Chapter 2 Summary: “The Forces Shaping Concentrated Poverty”

The silence surrounding racial inequality in the 1990s and early 2000s was a marked change from the civil unrest of the 1960s, especially following the murder of Martin Luther King, Jr. However, in 2005, Hurricane Katrina revealed the squalid living conditions of the poor of New Orleans. Impoverished families were unable to relocate, and the media coverage brought attention for the first time to the inequalities faced by inhabitants of isolated inner-city ghettoes. Explicitly race-based structural forces, political actions, and impersonal economic forces all shape life for blacks in the inner city. National cultural beliefs and racial constraints have emerged from years of racial isolation and chronic economic subordination.
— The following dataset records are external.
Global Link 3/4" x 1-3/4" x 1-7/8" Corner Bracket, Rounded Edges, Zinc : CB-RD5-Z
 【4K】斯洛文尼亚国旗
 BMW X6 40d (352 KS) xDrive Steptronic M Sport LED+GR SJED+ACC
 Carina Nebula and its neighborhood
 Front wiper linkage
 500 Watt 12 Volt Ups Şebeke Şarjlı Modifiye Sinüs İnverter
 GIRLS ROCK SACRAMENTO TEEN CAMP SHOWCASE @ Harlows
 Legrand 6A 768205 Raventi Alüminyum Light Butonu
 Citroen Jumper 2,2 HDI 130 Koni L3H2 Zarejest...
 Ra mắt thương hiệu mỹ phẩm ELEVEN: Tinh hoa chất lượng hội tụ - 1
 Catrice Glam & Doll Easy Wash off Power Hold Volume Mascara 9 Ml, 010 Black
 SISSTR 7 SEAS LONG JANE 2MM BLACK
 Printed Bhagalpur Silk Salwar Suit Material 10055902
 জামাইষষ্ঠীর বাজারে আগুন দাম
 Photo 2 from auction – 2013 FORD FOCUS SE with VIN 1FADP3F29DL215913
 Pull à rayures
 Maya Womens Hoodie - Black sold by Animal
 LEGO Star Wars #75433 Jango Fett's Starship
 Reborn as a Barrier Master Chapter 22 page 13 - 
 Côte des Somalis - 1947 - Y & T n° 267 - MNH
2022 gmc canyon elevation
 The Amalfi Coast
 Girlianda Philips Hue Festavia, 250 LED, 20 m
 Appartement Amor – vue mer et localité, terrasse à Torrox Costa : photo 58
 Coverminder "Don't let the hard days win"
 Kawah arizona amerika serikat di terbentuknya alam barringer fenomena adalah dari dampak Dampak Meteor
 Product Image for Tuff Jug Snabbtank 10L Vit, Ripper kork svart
In 1934, the Federal Housing Association (FHA) was established, necessitated by mortgage foreclosures during the Great Depression. Selectively administered housing subsidies excluded majority-black inner-city areas, where potential buyers were denied mortgages. “Redlining,” as it became known, was assessed largely on the basis of racial composition. This set the stage for the present urban blight and was clearly motivated by racial bias. This practice was only discontinued in the 1960s. In the 1950s, suburbanization of the middle class was supported by subsidization loans to groups such as veterans and by routing highways through inner-city neighborhoods.

 

This routing reinforced unofficial segregation by walling off poor neighborhoods from commercial districts and causing wealthier residents to relocate to the suburbs. The 14-lane Dan Ryan Expressway in Chicago is one such legacy, creating a physical barrier between black and white neighborhoods. Another egregious example is Birmingham, Alabama’s interstate highway system, which bends through several black neighborhoods rather than taking a more direct route through some predominantly white neighborhoods; it largely follows the demarcations of racial zoning laws dating to 1926. Other examples are found in Atlanta, Georgia, and along the I-95 in Florida. The suburban dream was furthered by Levitt’s suburban housing developments, which initially refused black people. The first black family moved into a Levittown neighborhood in 1957 and endured harassment, hate mail, and threats.  

 

Explicit racial policies in suburbs reinforced the social divide by allowing the separation of spending budgets from inner cities. Annexation largely ended in the mid-20th century, with suburbs implementing “zoning laws.” These discriminatory land-use laws made it difficult for racial minorities to access these areas, as they were effectively used to screen on the basis of race. These policies also reflected class bias, leading to increased segregation of low-income blacks in inner-city neighborhoods. The year 1937 saw the Wagner-Steagall public housing program, which was initially successful due to the economic mobility of the initial inhabitants; 1949 marked the second policy stage, which was designed to eliminate inner-city slums and collect the homeless left behind by earlier urban renewal bulldozers.

 

The income ceiling for this public housing was reduced, concentrating the lowest income sector of the population. This move coincided with the mass migration of African Americans from the rural South to northern cities. Suburbanites refused to permit the construction of public housing, so public housing remained concentrated in inner-city ghettoes. The Fair Housing Amendment Act of 1988 reduced these barriers. Migration of blacks ended in the 1970s, when the suburbanization of employment ceased the draw of African American workers to inner-city industrial jobs, and inner-city communities were gradually abandoned by more affluent classes.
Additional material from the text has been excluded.